DC power grids with constant-power loads - Part I: A full characterization of power flow feasibility, long-term voltage stability and their correspondence

In this two-part paper we study the feasibility of the power flow equations of DC power grids with constant power loads. In Part I of this paper we present a rigorous introduction into the problem of power flow feasibility of such power grids, and the problem of selecting a desirable operating point which satisfies the power flow equations. Our main contributions are as follows. We introduce and identify all long-term voltage semi-stable operating points, and show that there exists a one-to-one correspondence between such operating points and the power demands for which the power flow equations are feasible. The unique long-term voltage stable operating point associated to a feasible power demand can be found by solving an initial value problem. In addition, we characterize all feasible power demands as the intersection of closed half-spaces, and give a novel proof for the convexity of the set of feasible power demands. Moreover, we recover a known necessary LMI condition for the feasibility of a vector of power demands and prove that it is also sufficient. We present a similar necessary and sufficient condition for feasibility under small perturbation.
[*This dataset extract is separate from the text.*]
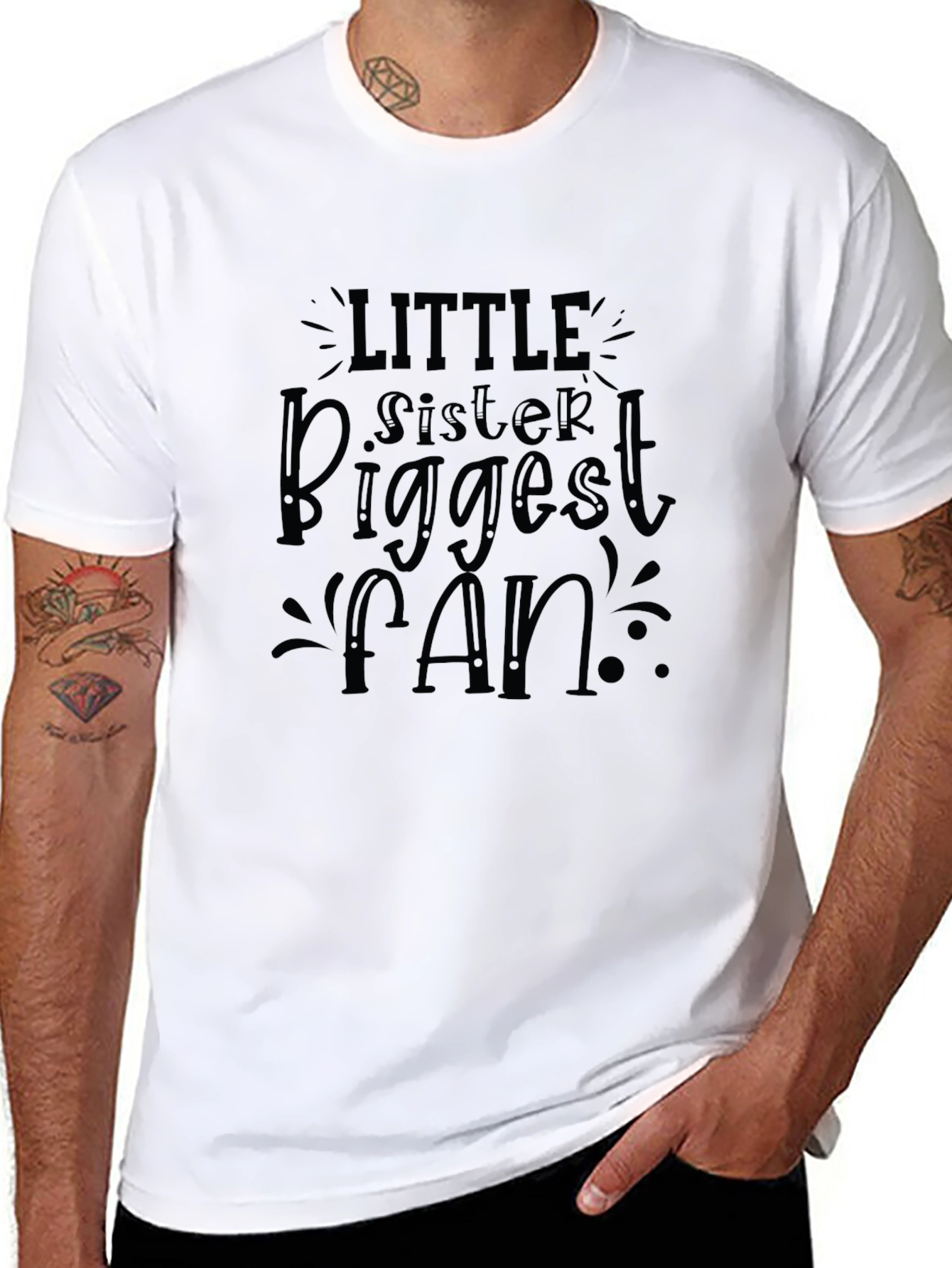 Little Sisters Biggest Fan Black T-Shirt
Part II of this paper further explores the implications to these results. In particular, we prove that the feasible power demands and high-voltage operating points are in one-to-one correspondence as well, and that the high-voltage operating points and long-term voltage stable operating points coincide. In addition, we show how existing sufficient conditions for the feasibility of the AC power flow equations with constant-power loads can be improved in the DC case.